══ PROVIDED INFORMATION

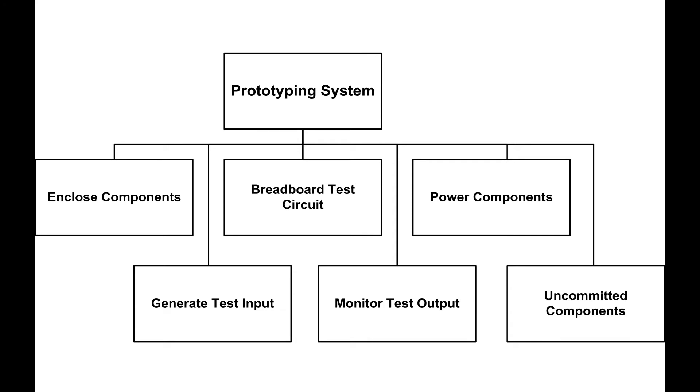At this point, I have a second-level functional definition of the prototyping system. A prototyping system is something that expedites the development of electronic circuits going from an idea to a fully tested breadboarded version. It consists of a function that encloses all of the subcomponents, a function that allows you to breadboard the test circuit, that powers the components both of the breadboarded circuit and of the internal functions of the prototyping system. It allows you to generate test signals for input to your breadboarded circuit, to monitor the output of your breadboarded circuit, and finally, it provides a number of uncommitted components that just facilitate the breadboarding process.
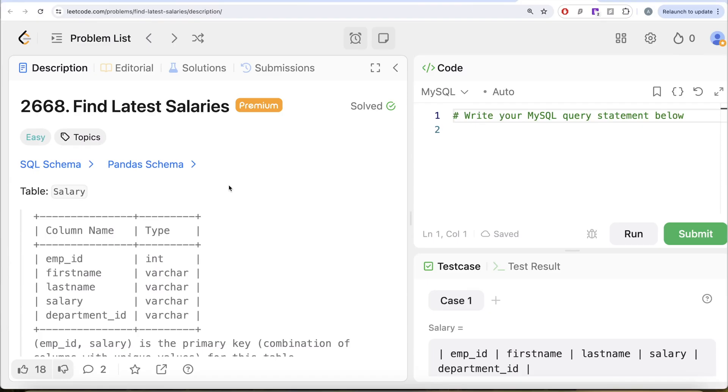Hey guys, welcome back to our channel. This channel Average Science is all about trying to learn various concepts of Average Science by practicing a lot of questions.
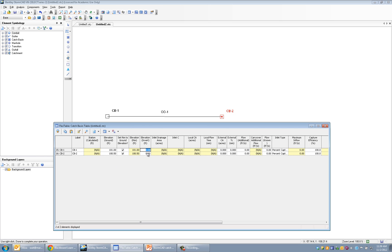Elevation of the invert, and that's talking about the invert of the catch basin, was 96 for the upstream catch basin and the downstream catch basin had an invert elevation of 94 feet.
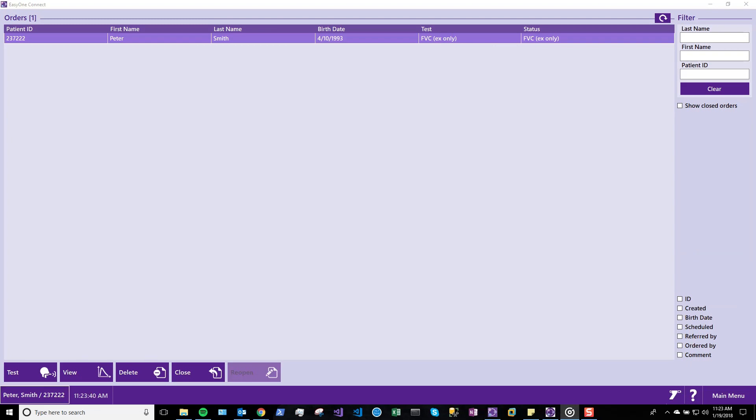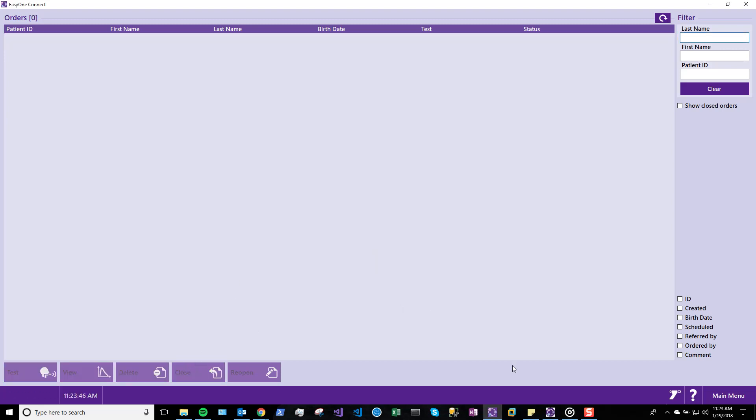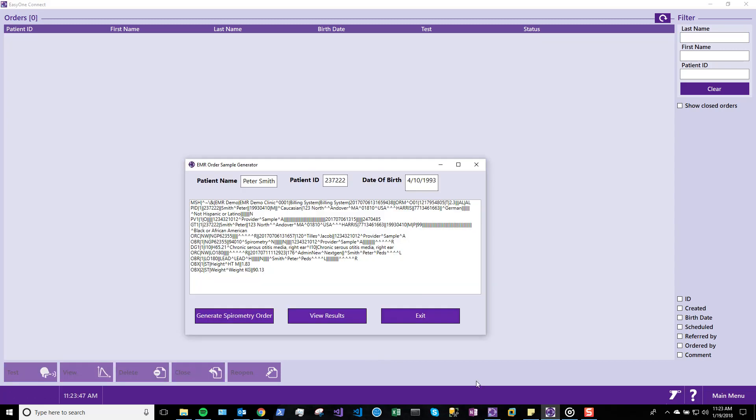Once testing is complete, closing the order transfers the result to the EMR. We will review this report as it appears.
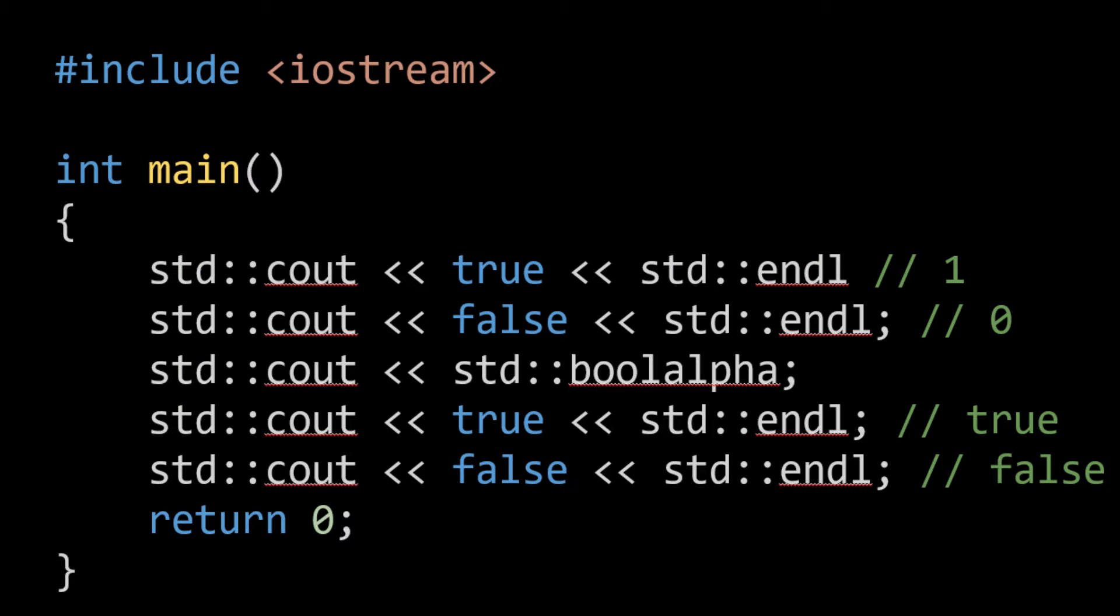Now we're going to actually take a look at printing a Boolean value. So here we're using true and false, but we can as easily just use a variable if we wanted to, a Boolean variable representing either true or false. So when we print out true, what we'll actually see in the standard output is one. When we print out false, we'll actually see zero.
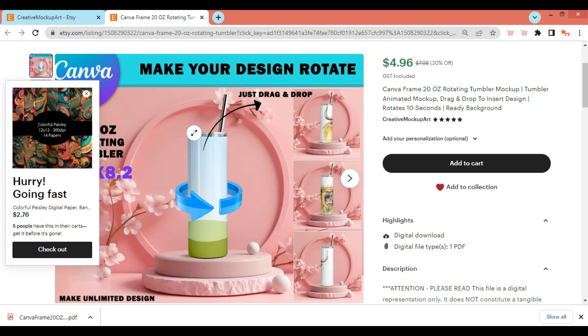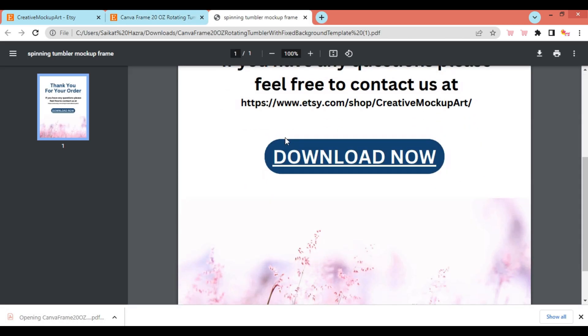Once you've finished purchasing, your PDF download link will be available from your Etsy account. Open the PDF link and click on Download Now.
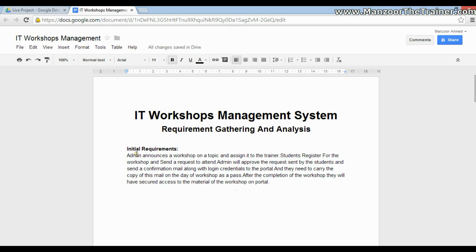The admin announces a workshop on a topic and assigns it to the trainer. Once the admin has announced a workshop, students register and send a request to attend. Admin approves the request and sends a confirmation mail along with login credentials to the portal. Students need to carry a copy of this mail on the day of the workshop as a pass, and after completion they will have secured access to the workshop material on the portal.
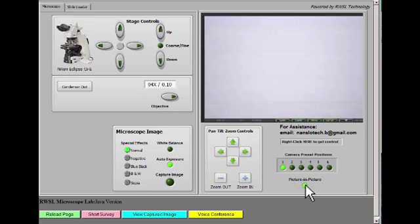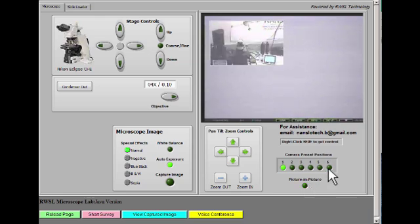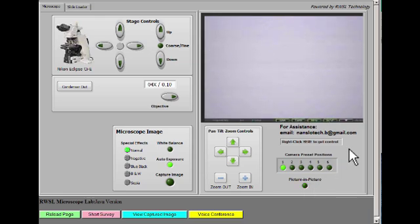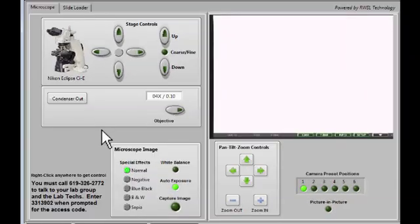If somebody else is in control at the time, you'll receive a message telling you that you've been placed in a queue. You can release control the same way by right-clicking and selecting the appropriate entry, and now somebody else can take control.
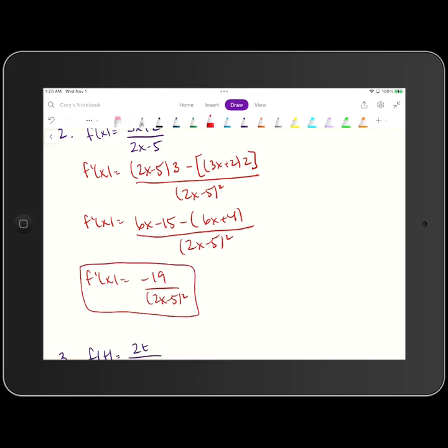We'll continue doing more examples with quotient rule in the next video.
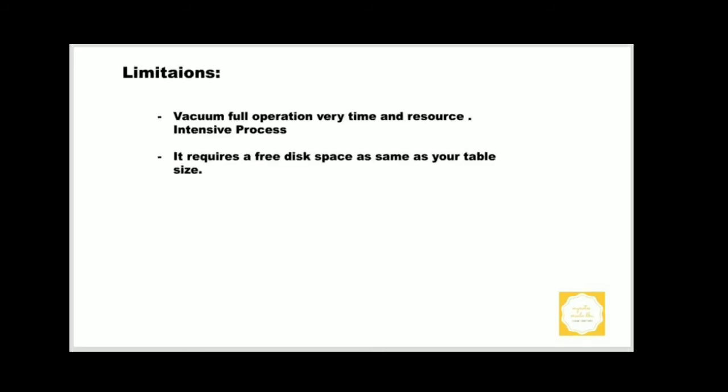Limitations: The VACUUM FULL operation is a very time and resource intensive process. So it requires exclusive lock on the table. It does not allow parallel access on the table. Second thing, it requires free temporary disk space the same as your table size.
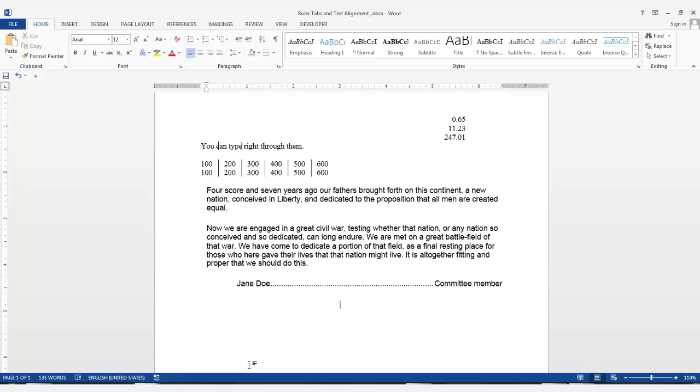And that is the end of this lesson. Ruler tabs and text alignment.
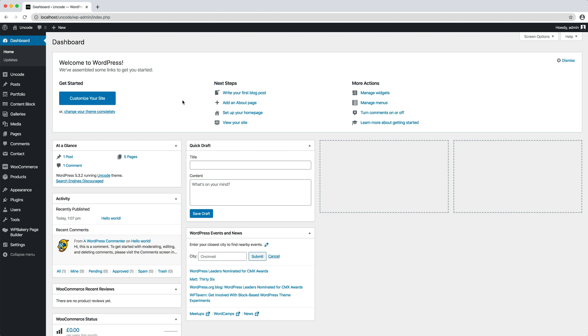Setting up your homepage with the Uncode theme is the same as setting it up in any other WordPress theme. All this part is native to WordPress.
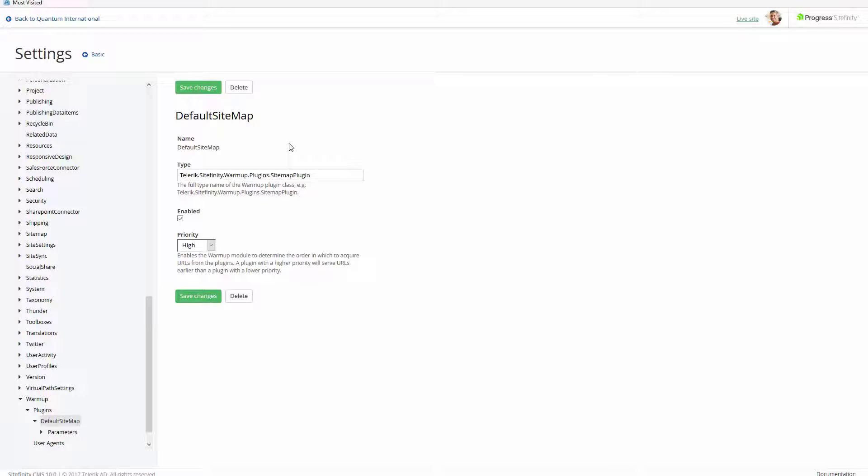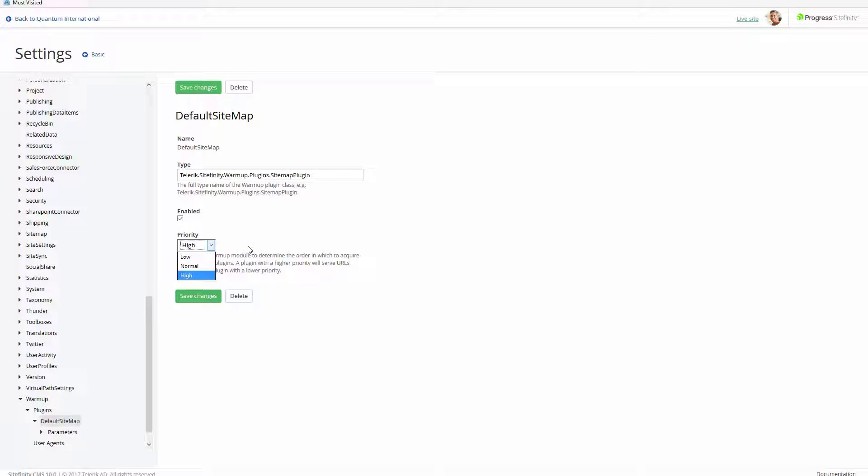The warm-up tool relies on a plugin that provides it with the pages that need to be precompiled. The default provider is called the Sitemap plugin. It takes all of the pages registered in the sitemap and orders them by priority and compiles them to the output cache.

════

WHAT THIS TASK INVOLVES:
Each entry above needs to be restated without a single word changed; skip the images.

ANSWER TO THE EXERCISE:
At this point, I have a second-level functional definition of the prototyping system. A prototyping system is something that expedites the development of electronic circuits going from an idea to a fully tested breadboarded version. It consists of a function that encloses all of the subcomponents, a function that allows you to breadboard the test circuit, that powers the components both of the breadboarded circuit and of the internal functions of the prototyping system. It allows you to generate test signals for input to your breadboarded circuit, to monitor the output of your breadboarded circuit, and finally, it provides a number of uncommitted components that just facilitate the breadboarding process.
Hey guys, welcome back to our channel. This channel Average Science is all about trying to learn various concepts of Average Science by practicing a lot of questions.
Elevation of the invert, and that's talking about the invert of the catch basin, was 96 for the upstream catch basin and the downstream catch basin had an invert elevation of 94 feet.
Once testing is complete, closing the order transfers the result to the EMR. We will review this report as it appears.
Now we're going to actually take a look at printing a Boolean value. So here we're using true and false, but we can as easily just use a variable if we wanted to, a Boolean variable representing either true or false. So when we print out true, what we'll actually see in the standard output is one. When we print out false, we'll actually see zero.
Once you've finished purchasing, your PDF download link will be available from your Etsy account. Open the PDF link and click on Download Now.
The admin announces a workshop on a topic and assigns it to the trainer. Once the admin has announced a workshop, students register and send a request to attend. Admin approves the request and sends a confirmation mail along with login credentials to the portal. Students need to carry a copy of this mail on the day of the workshop as a pass, and after completion they will have secured access to the workshop material on the portal.
If somebody else is in control at the time, you'll receive a message telling you that you've been placed in a queue. You can release control the same way by right-clicking and selecting the appropriate entry, and now somebody else can take control.
We'll continue doing more examples with quotient rule in the next video.
Limitations: The VACUUM FULL operation is a very time and resource intensive process. So it requires exclusive lock on the table. It does not allow parallel access on the table. Second thing, it requires free temporary disk space the same as your table size.
And that is the end of this lesson. Ruler tabs and text alignment.
Setting up your homepage with the Uncode theme is the same as setting it up in any other WordPress theme. All this part is native to WordPress.
The warm-up tool relies on a plugin that provides it with the pages that need to be precompiled. The default provider is called the Sitemap plugin. It takes all of the pages registered in the sitemap and orders them by priority and compiles them to the output cache.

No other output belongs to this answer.